── RECORDS FOR THE TASK ──

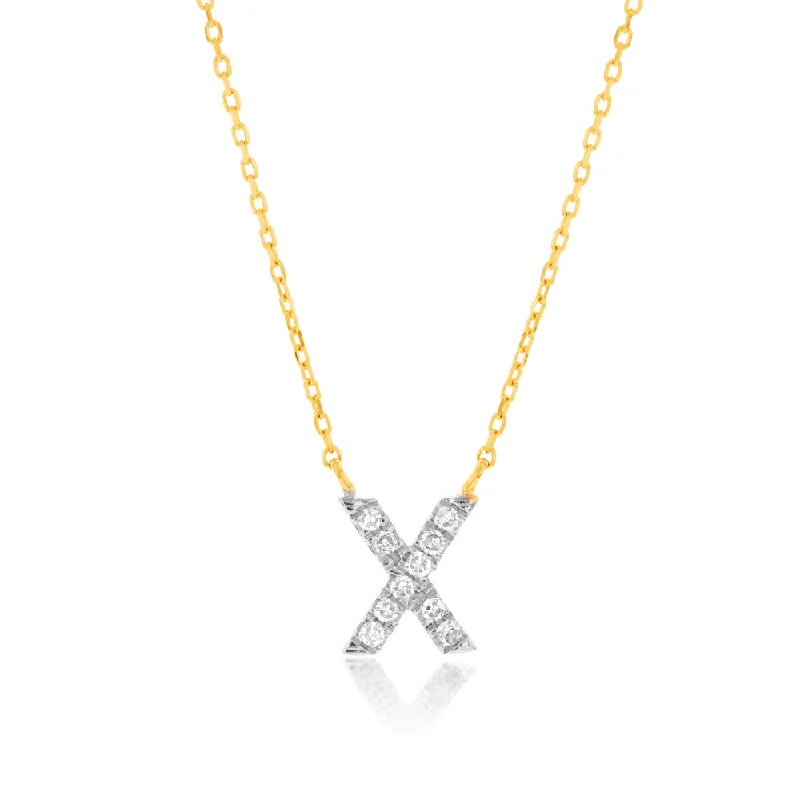 Women’s gemstone heart necklaces-Luminesce Lab Diamond X Initial Pendant in 9ct Yellow Gold with Adjustable 45cm Chain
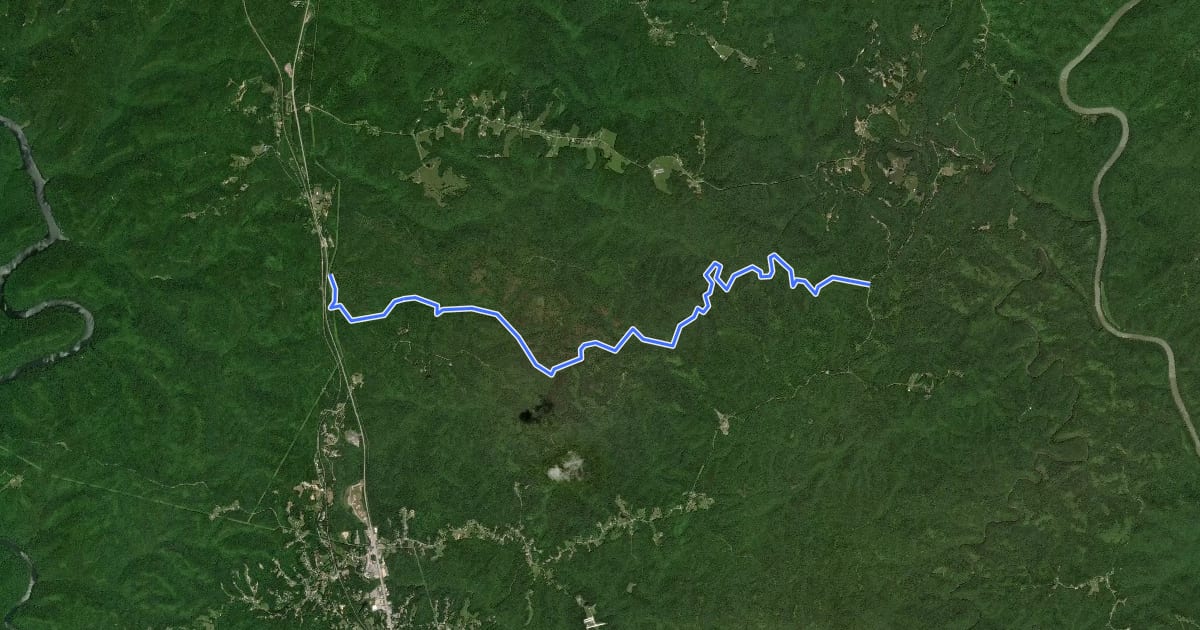 Маршрут Sheltowee Trace NRT Section 30 на спутниковом снимке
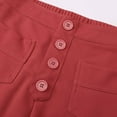 thumbnail image 6 of Fiaer,Womens Pants Straight Leg,Joggers for Women Plus Size Buttons,Women's High Waisted Casual Trendy Trousers with Pocket Watermelon Red XL, 6 of 8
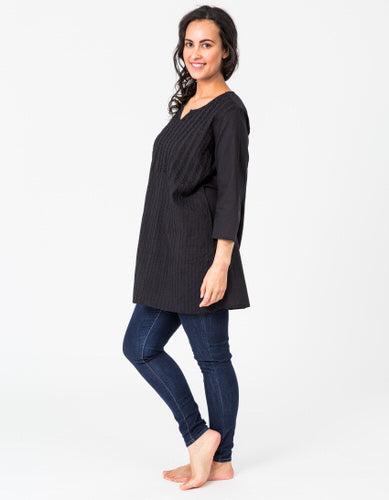 Pintuck Black Tunic
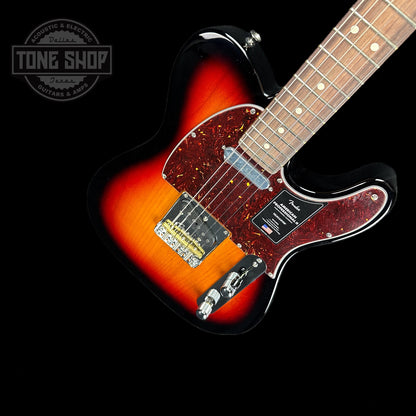 Front angle of Used Fender American Pro II Tele Sunburst.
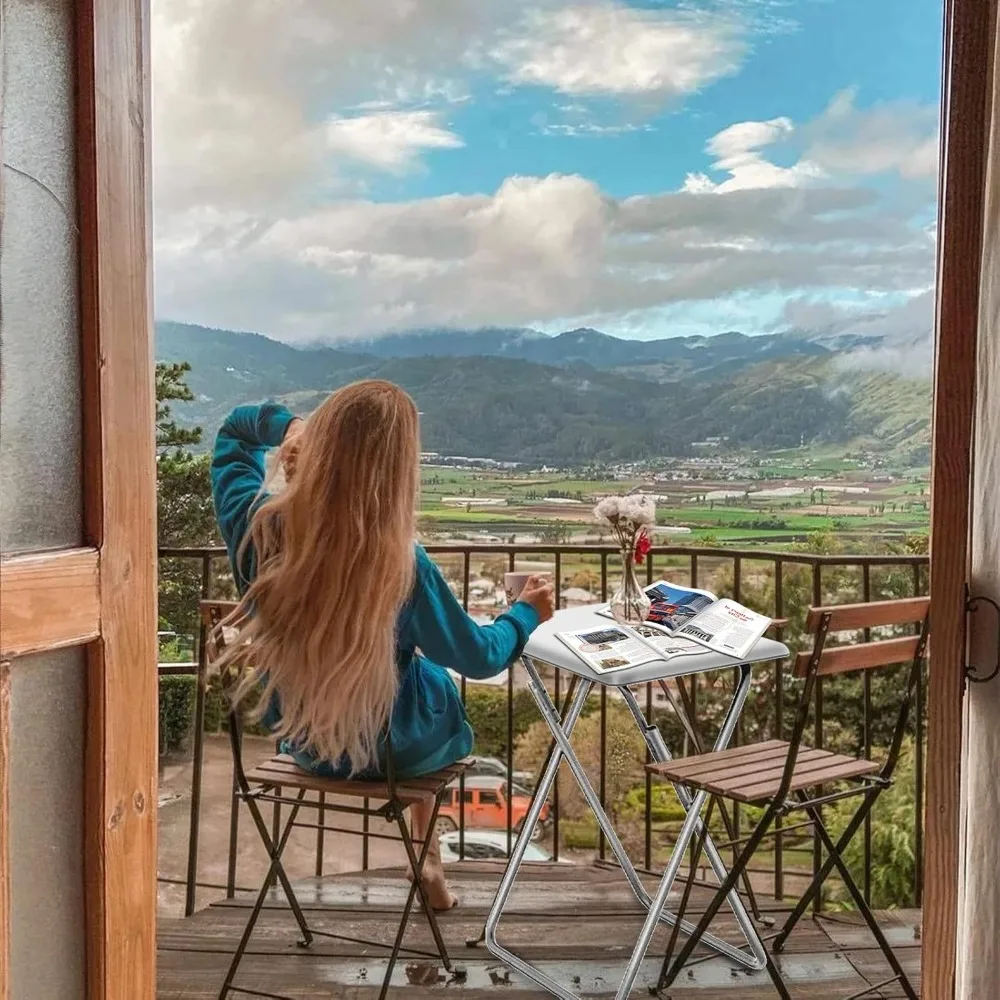 

Складной поднос для телевизора, обеденный стол для телевизора с прочной столешницей из МДФ, подносы для еды для гостиной с сборкой не требуется, 2 шт. (белый)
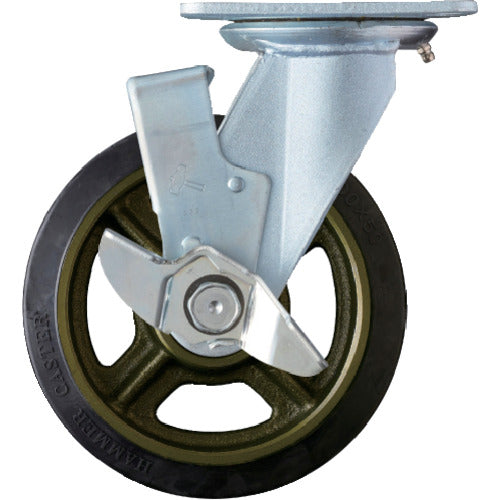 ハンマー 重荷重用旋回式ゴム車(イモノホイール・ラジアルボールベアリング)200mm SP付 519HPS-CR200 1 個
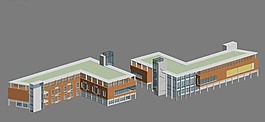 沿街现代商业建筑群3D模型设计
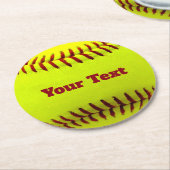 Softball personalisieren Aquamarine Ball Caoch Runder Pappuntersetzer (Angewinkelt)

───

* [ASSIGNMENT]: Lines from the one that contains "Pintuck Black Tunic" to the final line of the material are the whole answer. Reproduce them word for word and skip the pictures.

* [RESULT OF THE EXERCISE]:
 Pintuck Black Tunic
 Front angle of Used Fender American Pro II Tele Sunburst.

Складной поднос для телевизора, обеденный стол для телевизора с прочной столешницей из МДФ, подносы для еды для гостиной с сборкой не требуется, 2 шт. (белый)
 ハンマー 重荷重用旋回式ゴム車(イモノホイール・ラジアルボールベアリング)200mm SP付 519HPS-CR200 1 個
 沿街现代商业建筑群3D模型设计
 Softball personalisieren Aquamarine Ball Caoch Runder Pappuntersetzer (Angewinkelt)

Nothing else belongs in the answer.